(DATA RECORDS begins)

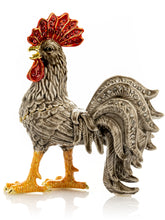 Keren Kopal Gray Rooster Jewelry Trinket Box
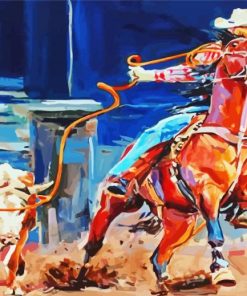 Artistic Rodeo Paint By Numbers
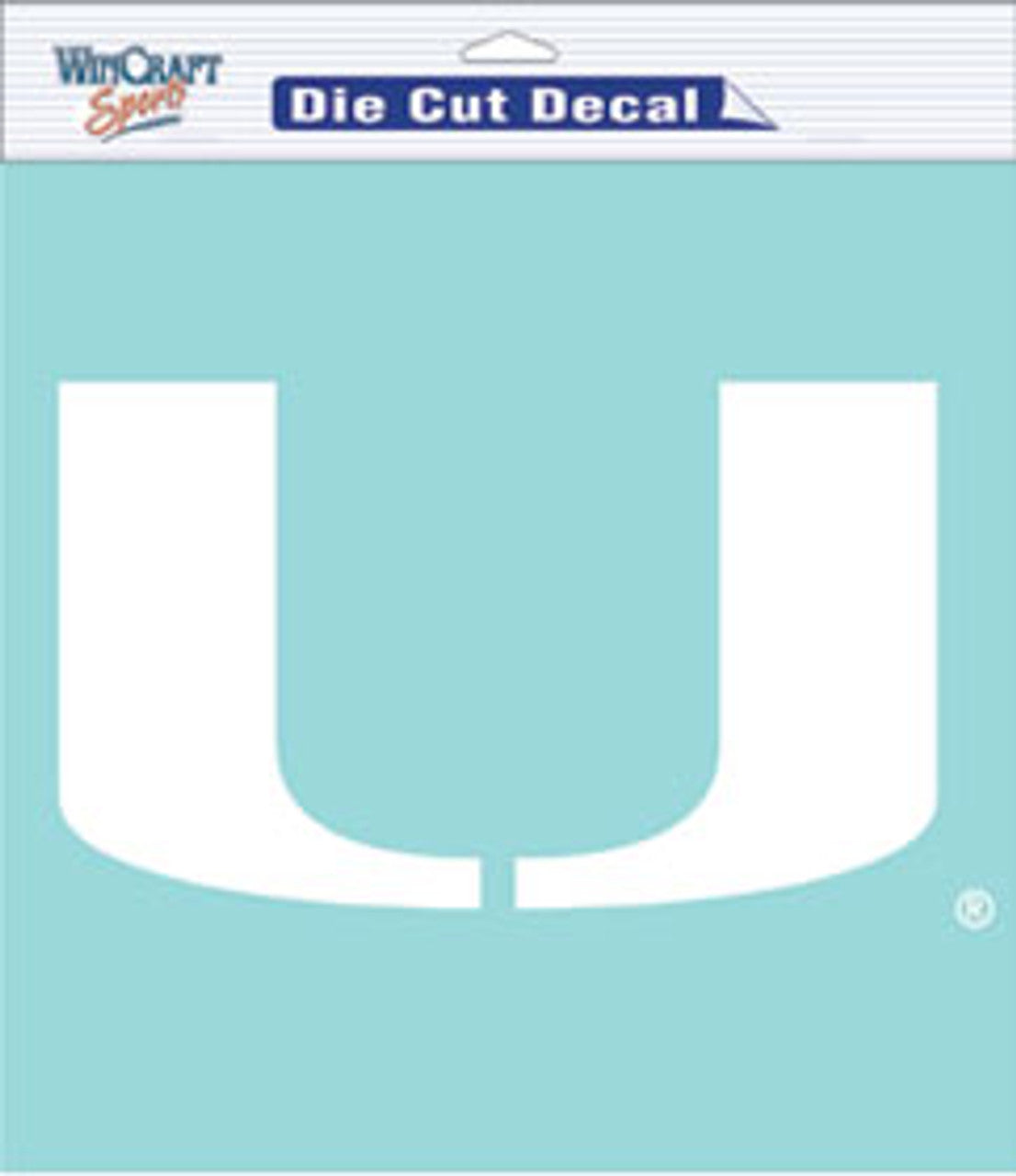 Miami Hurricanes Decal 8x8 Perfect Cut White - Sports Collectibles, Sports Memorabilia, Sports Fan Shop, Sports Gifts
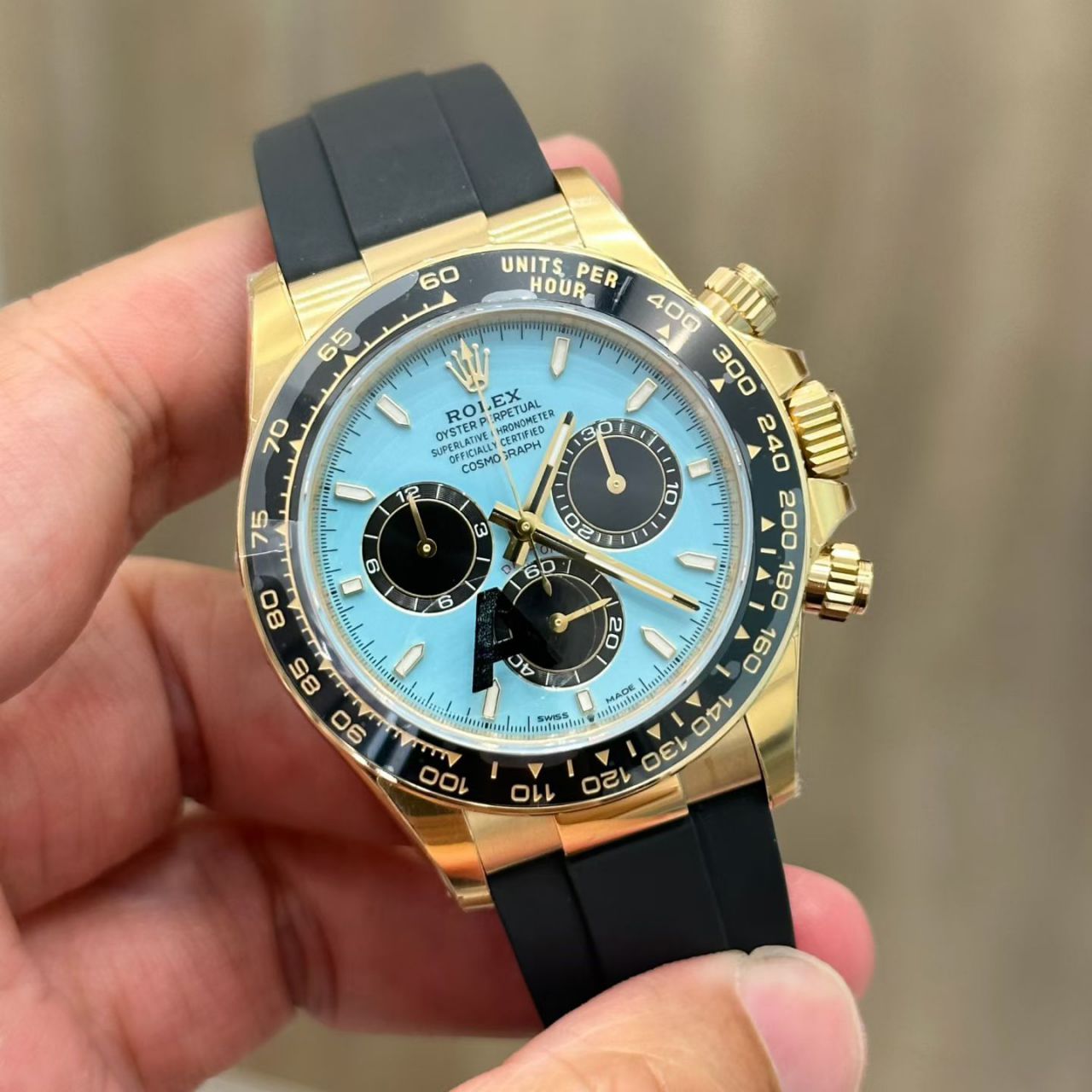 VS配重劳力士蒂芙尼蓝迪宇宙计型迪通拿顶级复刻手表M126518LN-0014腕表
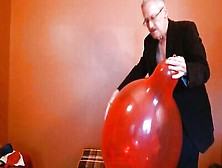Old Pervert Blows A Big Balloon And Humps It In Solo Video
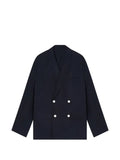 Emporio Armani linen-blend double-breasted jacket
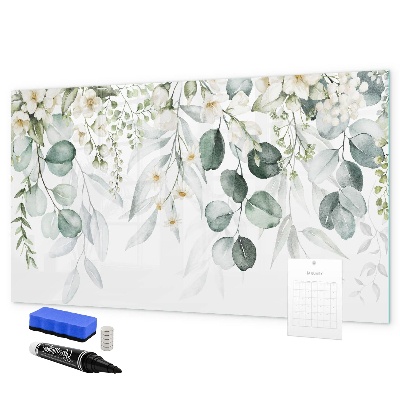 Tableau magnétique effaçable Un tableau élégant pour présenter des souvenirs
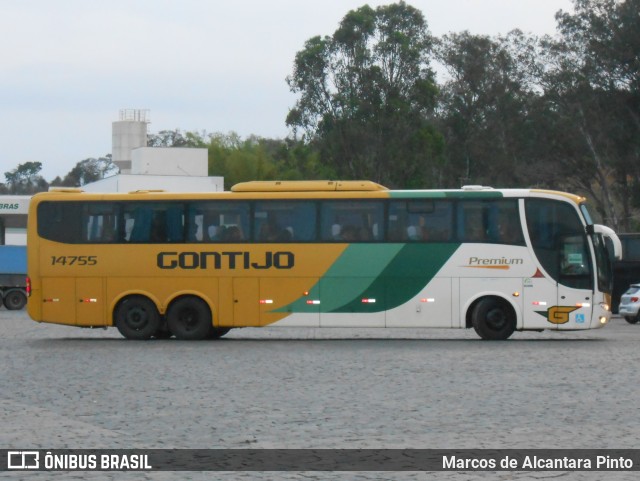 Empresa Gontijo de Transportes 14755 na cidade de Perdões, Minas Gerais, Brasil, por Marcos de Alcantara Pinto. ID da foto: 9357962.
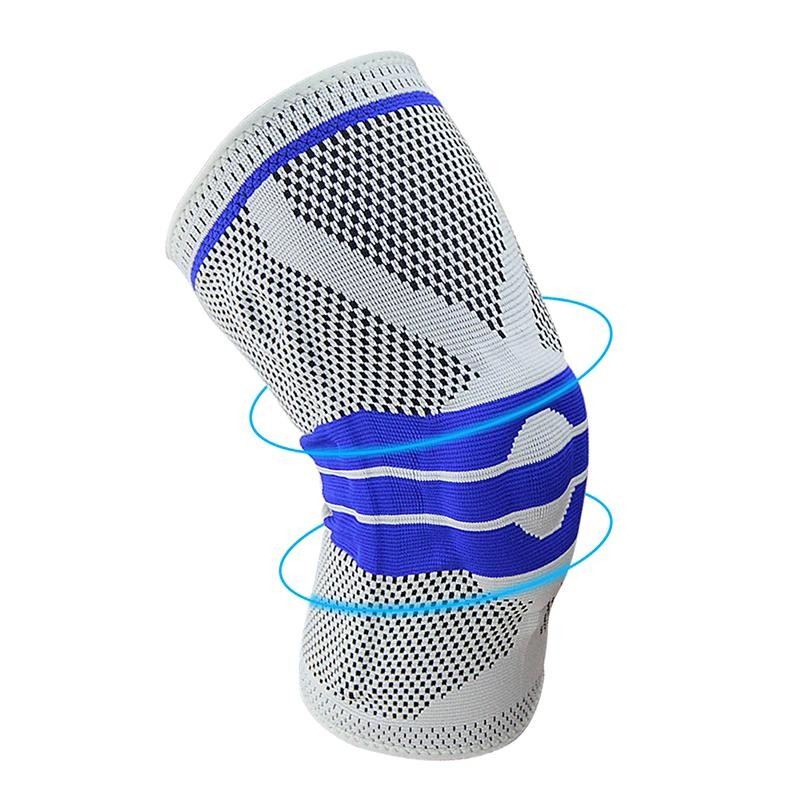 Knee Brace Silicone Sleeve Knee Pads Arthritis Knee Wraps Protector for Joints S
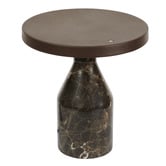 Maddison Lane Naomi Cocoa Iron &amp; Marble LED Touch Table Lamp
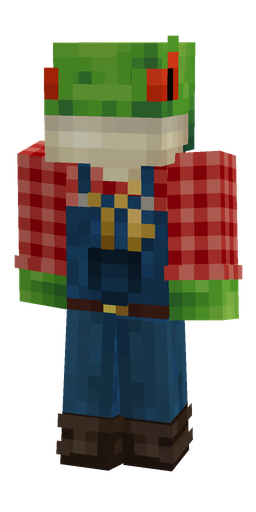 Blue skin: body, front render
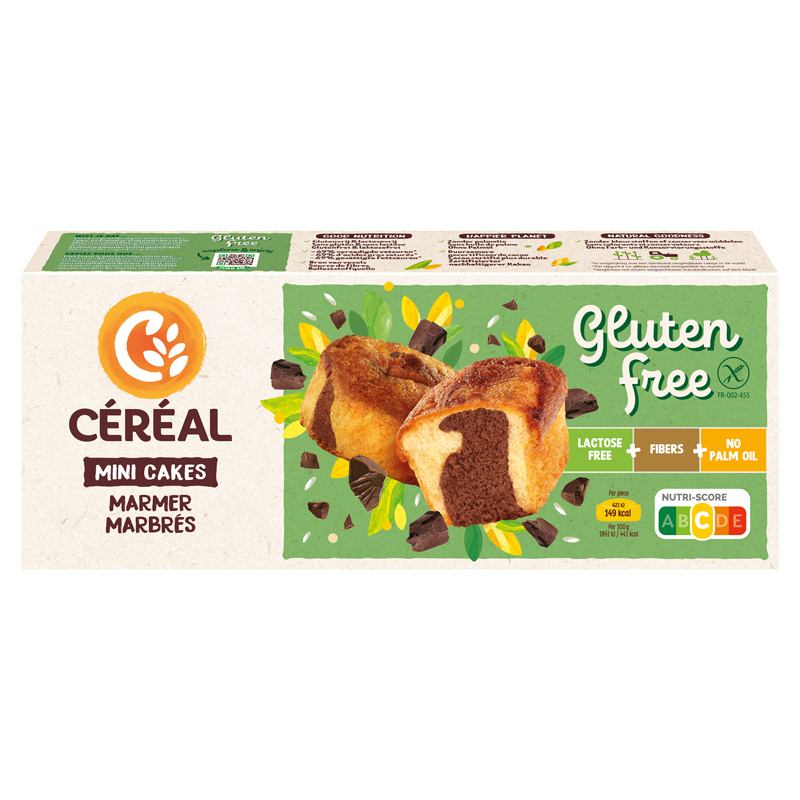 Mini cakes marbrés gluten&lactose free 6p 200g
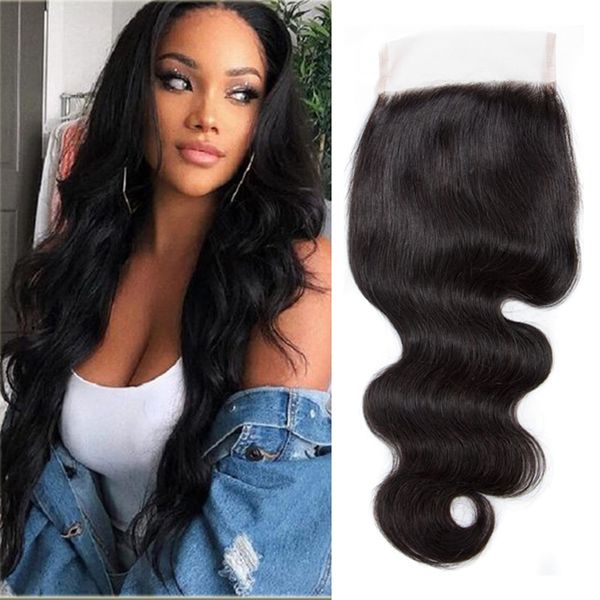 6x6 Hd Lace Closure Body Wave Human Hair Bleached Knots 6 6 Lace Closure Unprocessed Virgin Hair 150 Density 6x6 Closure Only Swiss Lace Hand Tied 6 x 6 Closure Pre Plucked with Baby Hair 9a 16 Inch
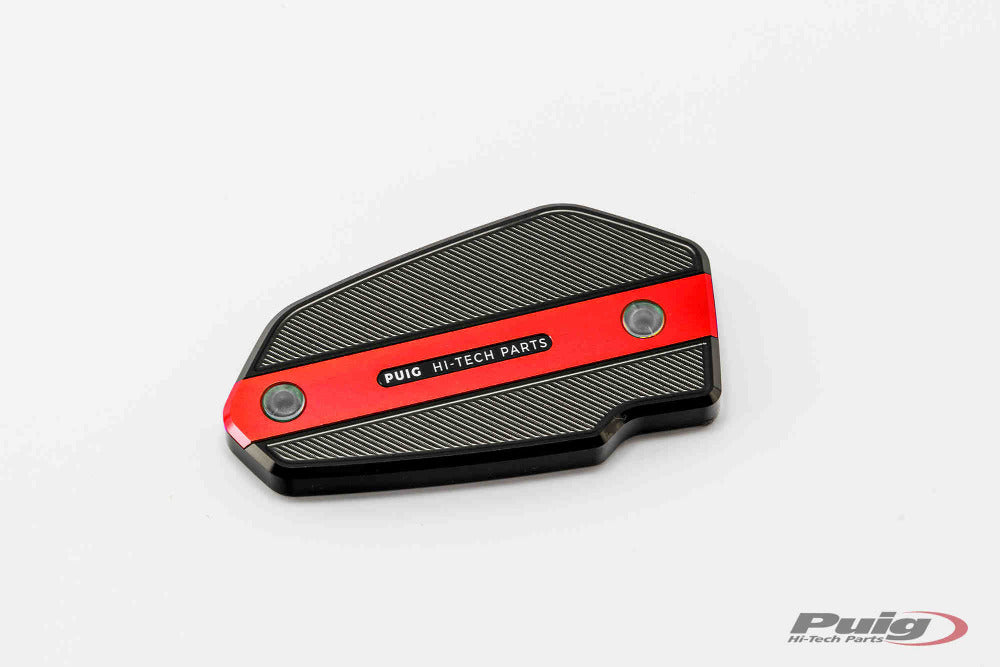 Puig Red Brake Fluid Tank Cover for the Kawasaki ZX-4R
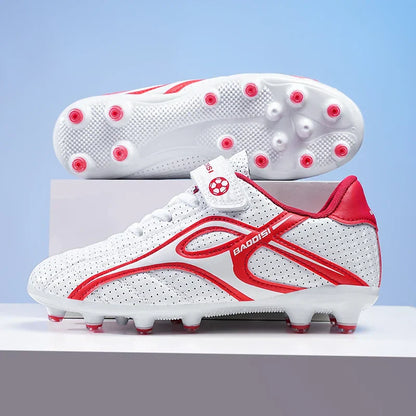 Kids Unisex Soccer Shoes Boys Grils Football Boots Non-Slip Training Indoor Outdoor Athletic Shoes Breathable Ultralight Sports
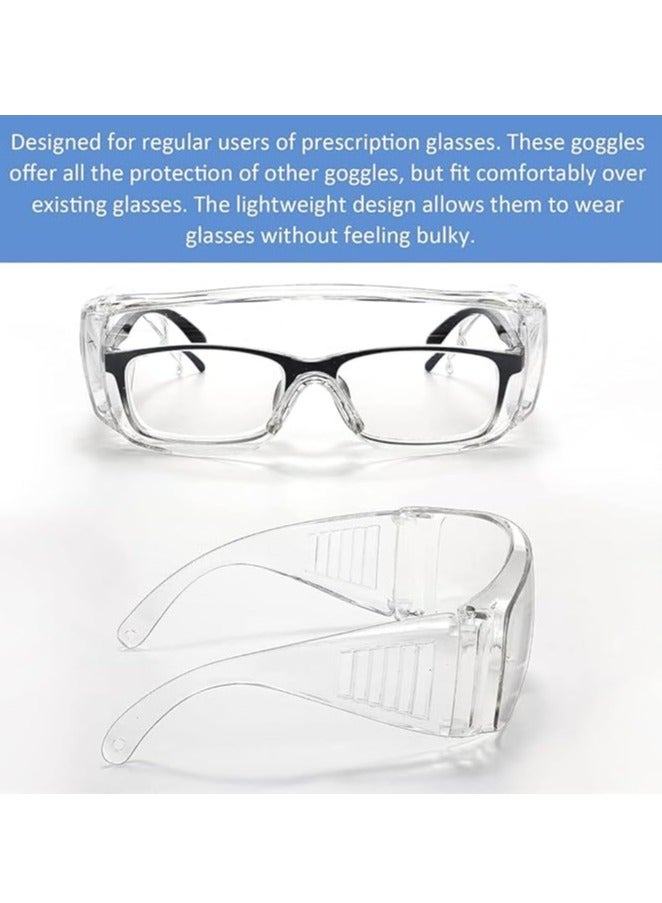 Oasisgalore Anti Fog Dust Safety Glasses Goggles Over Eyeglasses for Women Men，Safety Goggles Eye Protection for Nurses Workers Architect - Image 5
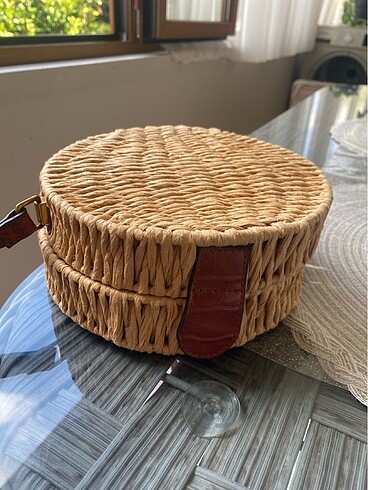 Mango zara hasır çanta Marks & Spencer hasır çanta - Görsel 10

(DATA RECORDS ends)

THE TASK: What you write out is the stretch of entries from the line containing "Old Pervert Blows" to the line containing "Tableau magnétique effaçable", word for word, with both end lines and no pictures.

RESULT OF THE TASK:
Old Pervert Blows A Big Balloon And Humps It In Solo Video
 Emporio Armani linen-blend double-breasted jacket
 Tableau magnétique effaçable Un tableau élégant pour présenter des souvenirs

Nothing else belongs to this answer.